Then, the unimaginable happened. In 1987, when Bette Davis was physically at her most vulnerable, and to her shock and horror, her daughter, B.D. Hyman published a vicious "tell-all" book entitled "My Mother's Keeper", which trashed her mother mercilessly. Once again, Kathryn Sermak had to summon all of the energy and courage she could muster to console, support and advocate for Miss Davis through the public humiliation of this ordeal.
Kath worked with Bette Davis on film sets. She took care of daily appointments - interviews, travel to awards shows (including the Kennedy Center Honors) and numerous film festivals, and a myriad of other details in the life of an astonishingly active (given what she'd been through) movie star who loved to work and to keep busy. It was Kath's idea that Bette Davis should write her 1987 book "This 'n That", which includes a fascinating chapter setting the record straight, once and for all, about what Bette Davis REALLY thought about Joan Crawford.
And, sadly, it was Kath who stayed by Miss Davis' side right to her last breath. Miss Davis made Kath promise that one day she would write a book about their relationship. It took Kath 30 years to fulfil that promise. But the book was worth the wait.

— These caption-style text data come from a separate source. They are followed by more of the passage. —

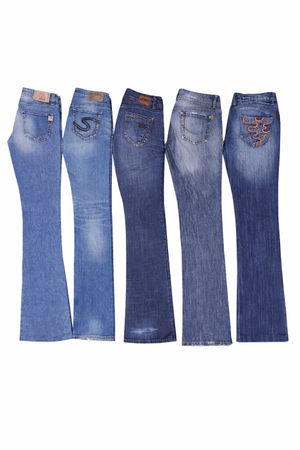Stylish Jeans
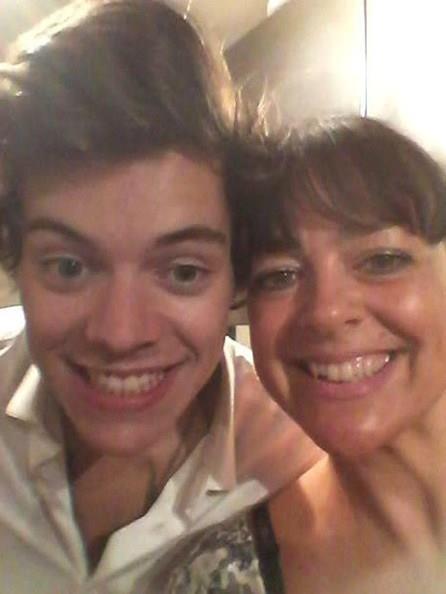 One Direction twitter pics - 33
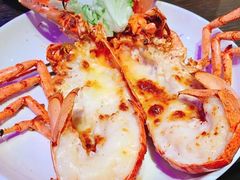 -盒马鲜生(大行宫店)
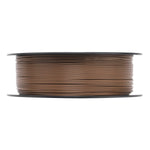 Filamento 3d eSun PLA Marrom 1kg - M3D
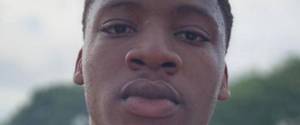 Chuwku Arinze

After reading it, I felt like I had been there, with the two of them, going through all the ups and downs of Miss Davis' tumultuous last decade. The book allowed the fans to get an "up close and personal" look at who Bette Davis really was, and how she approached every aspect of her life - her family, her work, her colleagues, her likes and dislikes - in a word, everything.
At Kathryn Sermak's request, the interview was held back and released on April 5, 2021, which was Bette Davis' 113th birthday. Kath wanted this interview to be a special gift to the fans.

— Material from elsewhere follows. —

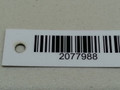 блок предохранителей Peugeot 407 1 поколение 2006, 1.6 л., HDi, 9HY (DV6TED4), дизель, МКПП, серый, передний привод - фото №3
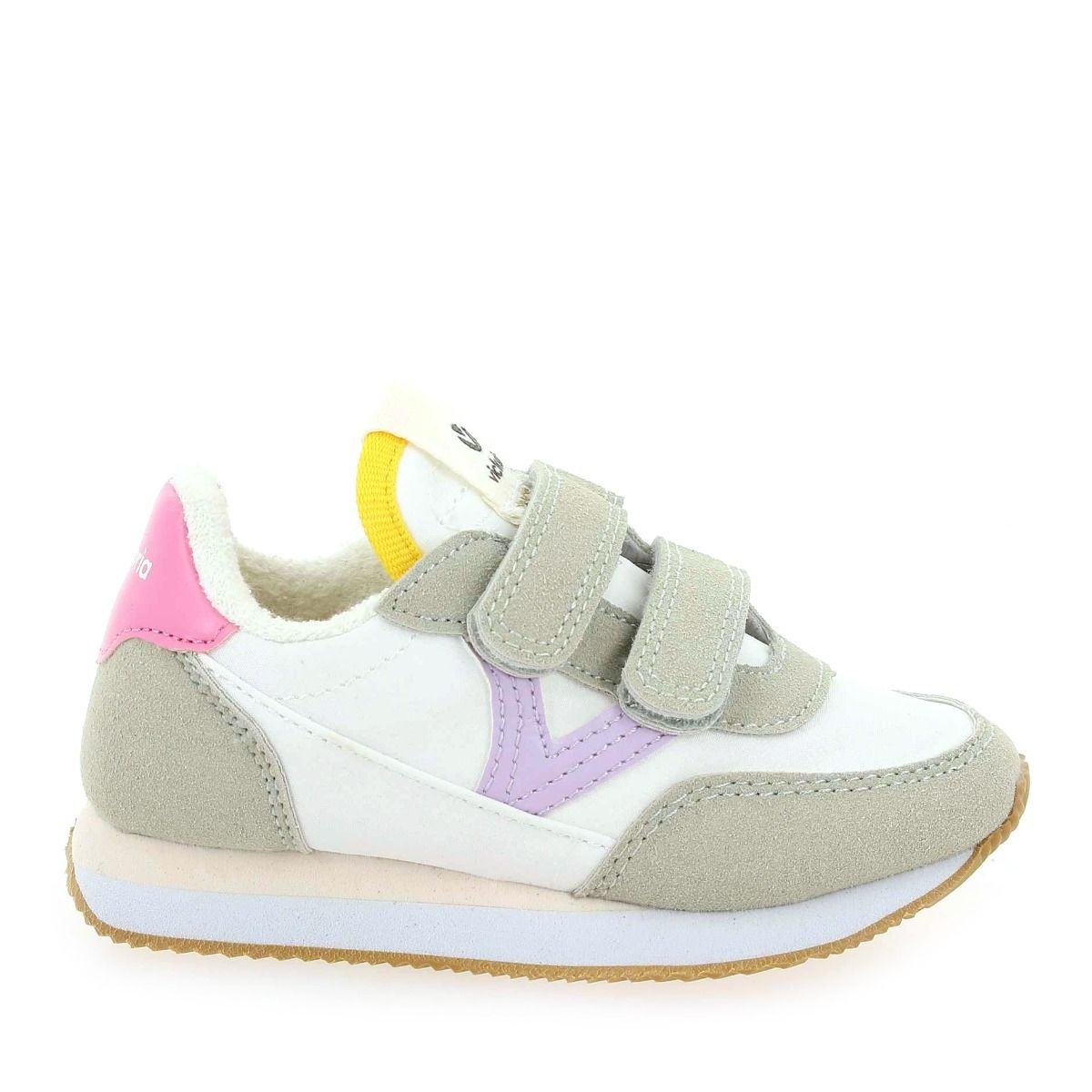 Victoria  1137100  ASTRO KIDS - Lilas rose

I have already received mixed reaction to the interview. Some people felt that I didn't ask the questions THEY wanted me to ask. Trust me, folks, I did my research and tried my very best. Some people were dissatisfied with Ms. Sermak's answers. Well, here's the thing: I ask the questions, and I can't control what the guest says or doesn't say. It's an interview, not a cross-examination - although, trust me, I often have to bite my tongue to keep from descending into a past life - and if you know me well, you'll understand why I say that.
The challenge of being a good interviewer - which I strive to be - is to do my homework, ask the best possible questions, and then hope the interviewee will be forthcoming and candid. Obviously, some interviewees are more detailed and focused in their responses than others. And the challenge of being a good audience member is to try to get an essence of who the person is and what they are really trying to convey: read between the lines, read the body language, try to decipher the chemistry between the interviewer and interviewee. That's what has always fascinated me about watching interviews.

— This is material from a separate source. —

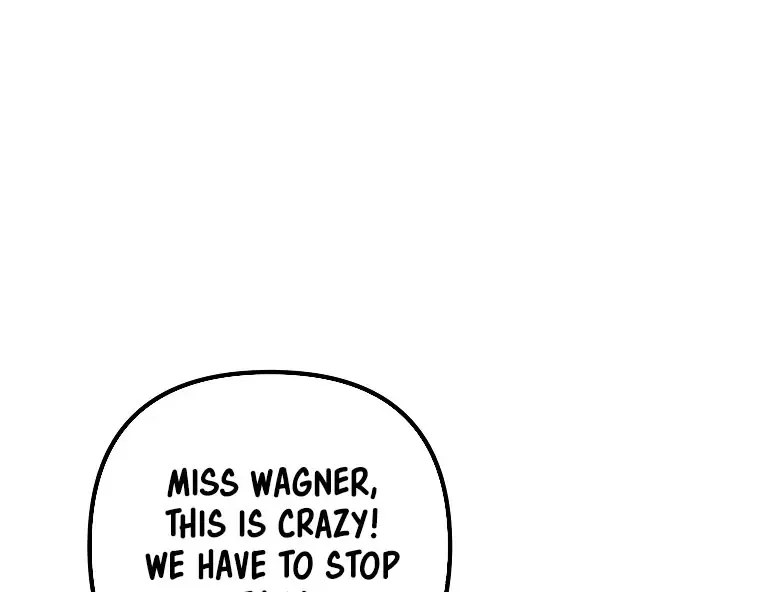 Beyond Walpurgis Kainu Manga Chapter 9 Page 91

So, the bottom line is this: if you are a serious Bette Davis fan, you're going to love this interview, because the penultimate thing that shines through Ms. Sermak's presentation is her obvious love, admiration and respect for her beloved Miss D. Thirty years after Bette Davis' death, Kath spoke about her as if she was still with us - in fact, on numerous occasions she actually referred to Miss Davis in the present tense. We should all be so lucky to have such a loyal friend, caregiver and confidante in our final years.